How can we execute the multiply and the FMA in parallel?  They
depend on each other.  Or is it the uarch can handle dependence
on the add operand but only when it is with a multiplication and
not a FMA in some better ways?  (I'd doubt so much complexity)

Can you explain in more detail how the uarch executes one vs. the
other case?

> > If the code fragment is in a loop, some architecture can execute
> > the latter in parallel, so the performance can be much faster than
> > the former. For the small testcase, the performance gap is over
> > 10% on both ampere1 and neoverse-n1. So the point here is to avoid
> > turning the last statement into FMA, and keep it a PLUS_EXPR as
> > much as possible. (If we are rewriting the op list into parallel,
> > no special treatment is needed, since the last statement after
> > rewrite_expr_tree_parallel will be PLUS_EXPR anyway.)
> >
> > 2. Function result_feeds_back_from_phi_p is to check for cross
> > backedge dependency. Added new enum fma_state to describe the
> > state of FMA candidates.
> >
> > With this patch, there's a 3% improvement in 510.parest_r 1-copy
> > run on ampere1. The compile options are:
> > "-Ofast -mcpu=3Dampere1 -flto --param avoid-fma-max-bits=3D512".
> >
> > Best regards,
> > Di Zhao
> >
> > ----
> >
> >          PR tree-optimization/110279
> >
> > gcc/ChangeLog:
> >
> >          * tree-ssa-reassoc.cc (enum fma_state): New enum to
> >          describe the state of FMA candidates for an op list.
> >          (rewrite_expr_tree_parallel): Changed boolean
> >          parameter to enum type.
> >          (result_feeds_back_from_phi_p): New function to check
> >          for cross backedge dependency.
> >          (rank_ops_for_fma): Return enum fma_state.
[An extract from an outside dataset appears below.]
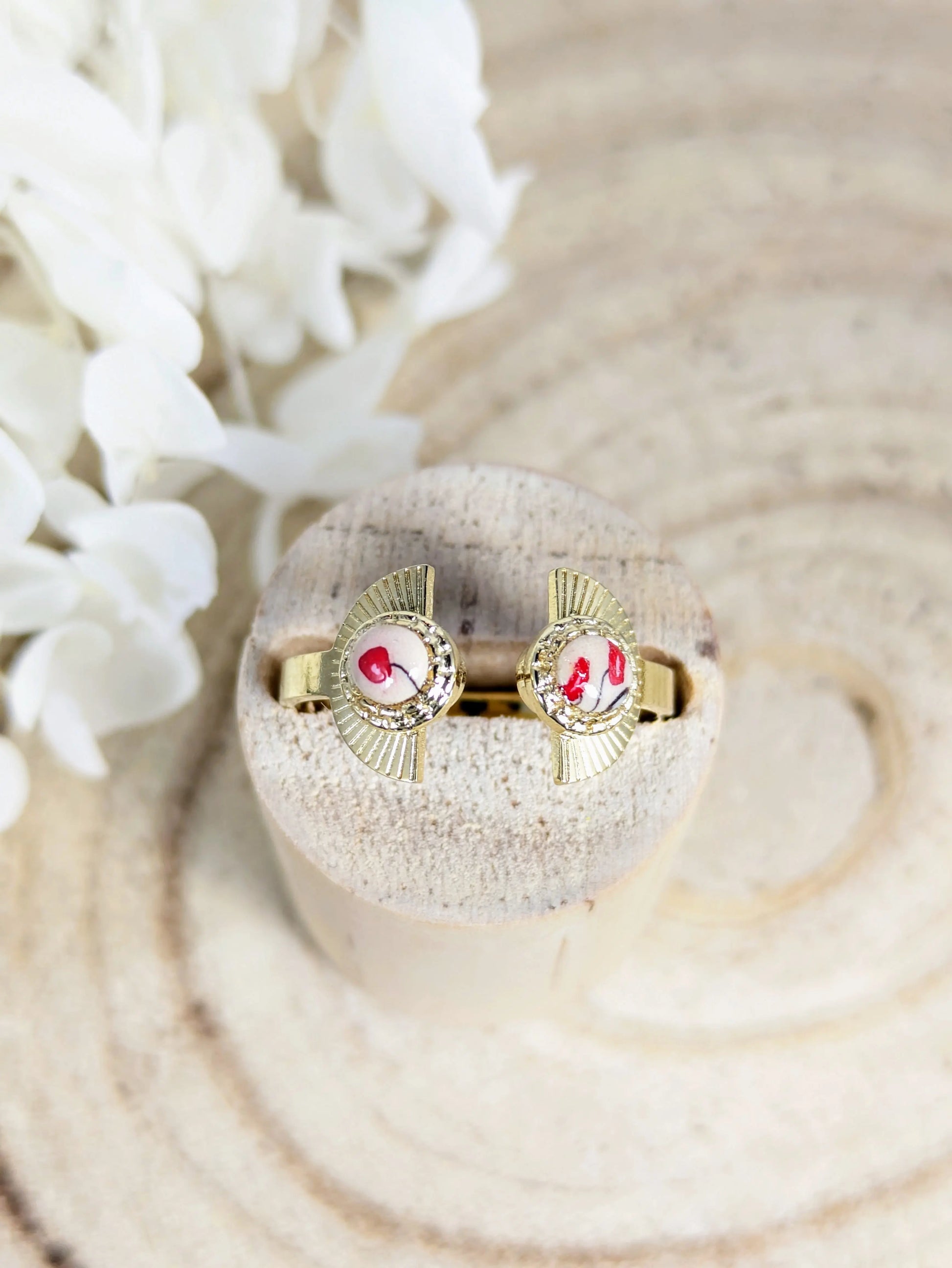 Bague doré rouge Les Créas d'Angel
Added new
> >          parameter.
> >          (reassociate_bb): If there's backedge dependency in an
> >          op list, swap the operands before rewrite_expr_tree.
> >
> > gcc/testsuite/ChangeLog:
> >
> >          * gcc.dg/pr110279.c: New test.
> Not a review, but more of a question -- isn't this transformation's
> profitability uarch sensitive.  ie, just because it's bad for a set of
> aarch64 uarches, doesn't mean it's bad everywhere.
>
> And in general we shy away from trying to adjust gimple code based on
> uarch preferences.
>
> It seems the right place to do this is gimple->rtl expansion.

Another comment is that FMA forming has this deferring code which I
think deals exactly with this kind of thing?  CCing Martin who did this
work based on AMD uarchs also not wanting cross-loop dependences
on FMAs (or so).  In particular I see

  if (fma_state.m_deferring_p
      && fma_state.m_initial_phi)
    {
      gcc_checking_assert (fma_state.m_last_result);
      if (!last_fma_candidate_feeds_initial_phi (&fma_state,
                                                 &m_last_result_set))
        cancel_fma_deferring (&fma_state);

and I think code to avoid FMAs in other/related cases should be here
as well, like avoid forming back-to-back FMAs.

Richard.

> Jeff